According to the authorities, a Kia hybrid passenger car caught fire for unknown reasons and the flames spread quickly to the carport and from there to the adjoining residential house. Despite the rapid action of the fire department, some property damage was also caused to the neighboring house by the effects of the heat. A parked BMW was also affected by the heat of the fire. No one was injured. The police estimate the property damage to be at least 500,000 euros.
The homeowner and neighbors were unable to get the hybrid car fire under control.
In terms of protecting the climate, the burned car – produced with the intention of being gentle to the environment – ended up leaving a gaping environmental footprint on the planet.

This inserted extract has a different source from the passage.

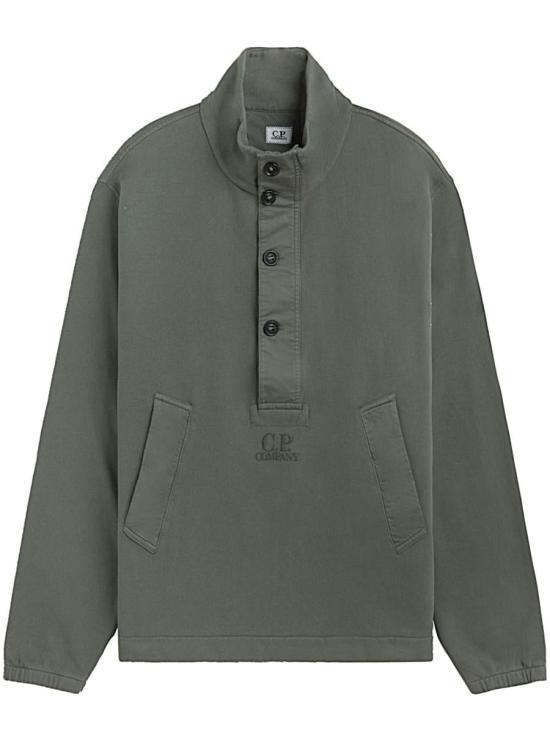 24FW 씨피 컴퍼니 긴팔 티셔츠 17CMSS288A006090M Verde Green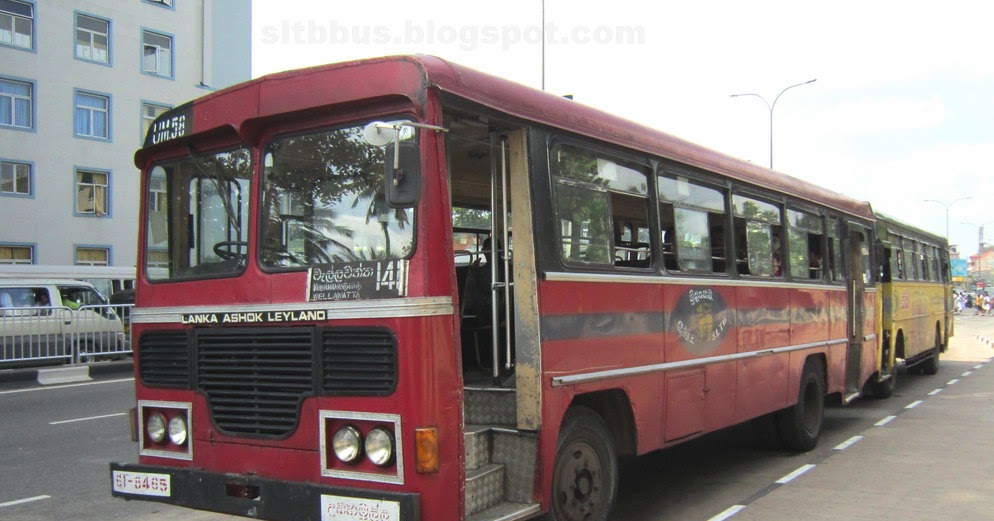 SLTB buses ශ්‍රී ලංගම බස් Lanka Ashok Leyland Viking modified bus from SLTB Udahamulla depot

A search of Kia hybrid cars and fires shows that there have been problems. The fire problem appears to be industry wide as other manufacturers have had their share of issues.
Reports show that hybrid cars are in fact more prone to catch fire than vehicles with internal combustion engines. Pure electric cars are reported to be the least fire-prone. The biggest challenge, however, is that it’s far more difficult to extinguish a burning battery of an electric car.
Highway safety: EVs are massively heavy, dangerous
When it comes to overall highway safety, experts and data suggest that there’s nothing safer on the road than the good old internal combustion engine vehicle:
8 responses to ““Environmentally-Friendly” Hybrid Car Catches Fire, Causes €500,000 Property Damage”
“car caught fire for unknown reasons ”
A drunk stumbled by and threw a lit match in the passenger seat.
It was hit by lightning.
One of the gods was angry with the owner.
It is a feature of EVs.
EV cars/trucks cause MORE pollution than my 1979 F150. I’ll keep my old truck and ya’ll drive those $75K pieces of junk that catch fire and cause more pollution than my 6 banger.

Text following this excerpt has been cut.